El anciano sigue avanzando. El señor Bark se acerca al bordillo de la acera. Está tan contento…

—¡Quédese ahí, no se mueva, cuidado con los coches! —le grita, porque en su alegría y su cansancio el anciano se ha olvidado de la calle, del tráfico, de las motos, los coches y los autobuses que pasan rozándolo, frenan, lo evitan en el último momento…

El anciano avanza radiante, como si lo hiciera sobre una nube o la superficie de un lago. Ve que su amigo el hombre gordo se acerca a él. Lo ve con toda claridad. Oye su voz dándole los buenos días. Mira a su nieta y le dice exultante:

—¿No te había dicho que acabaríamos encontrándolo? ¡Pues ahí lo tienes! ¡Qué alegría!

El señor Bark grita y grita, pero su amigo no parece oírlo. Sigue avanzando. Sonríe. Ahora los dos hombres están a unos diez metros de distancia. Pueden percibir con nitidez el rostro del otro, la alegría del reencuentro en sus ojos.

Pero de repente, como en una película a cámara lenta que no acabara nunca, el señor Linh advierte que las facciones de su amigo cambian, se congelan. Su boca se abre. Lo ve gritar pero no oye su grito, porque en ese preciso instante un ruido espantoso cubre todos los demás. El anciano se vuelve y ve el coche que se abalanza hacia él, medio derrapando con un agudo chirrido de frenos, y al conductor con el rostro crispado y las manos aferradas al volante. El anciano lee el miedo en sus ojos, mezclado con una terrible impotencia. Instintivamente protege lo mejor que puede a su nieta, la rodea con sus brazos, la cubre con su cuerpo como lo haría una armadura, y espera, espera…
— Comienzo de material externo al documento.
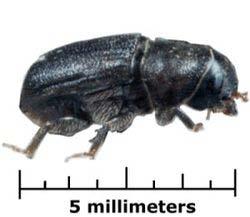 beetle D.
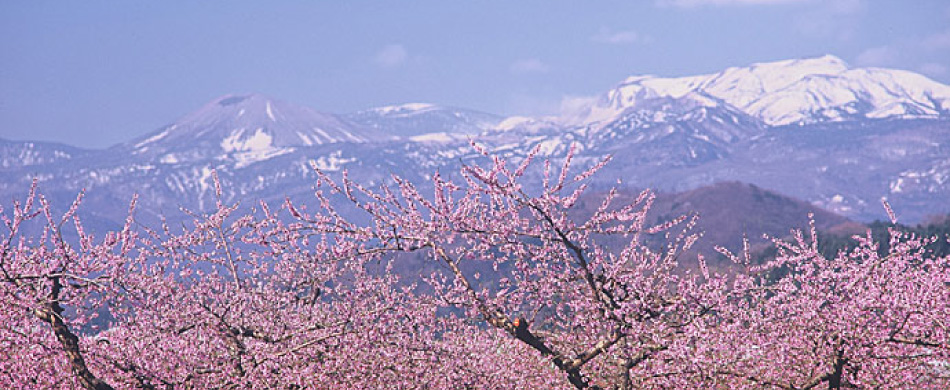 福島県中通りの風景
Mas la espera no acaba: el grito mudo de su amigo el hombre gordo, al que mira de nuevo sonriendo, la inevitable colisión con el coche lanzado hacia él a toda velocidad, las facciones del conductor desencajadas por el miedo… El tiempo se estira. El señor Linh no tiene miedo, ya no está asustado, ha vuelto a ver a su amigo, es primavera, sólo piensa en proteger a su nieta y le murmura las primeras palabras de la canción, ya tiene el coche casi encima, la niña abre los ojos y lo mira, el anciano le besa la frente y, de pronto, acuden a su mente todos los rostros amados, y a su memoria el olor de la tierra de su país, y el del agua, el del bosque, el del cielo y el del fuego, el olor de los animales, de las flores y los cuerpos, todos los olores juntos, por fin, en el instante en que el coche lo atropella lanzándolo a varios metros de distancia. El anciano, que no siente ningún dolor, logra ovillarse alrededor del cuerpecito de Sang Diu antes de golpearse la cabeza contra el suelo secamente. Y de pronto es de noche.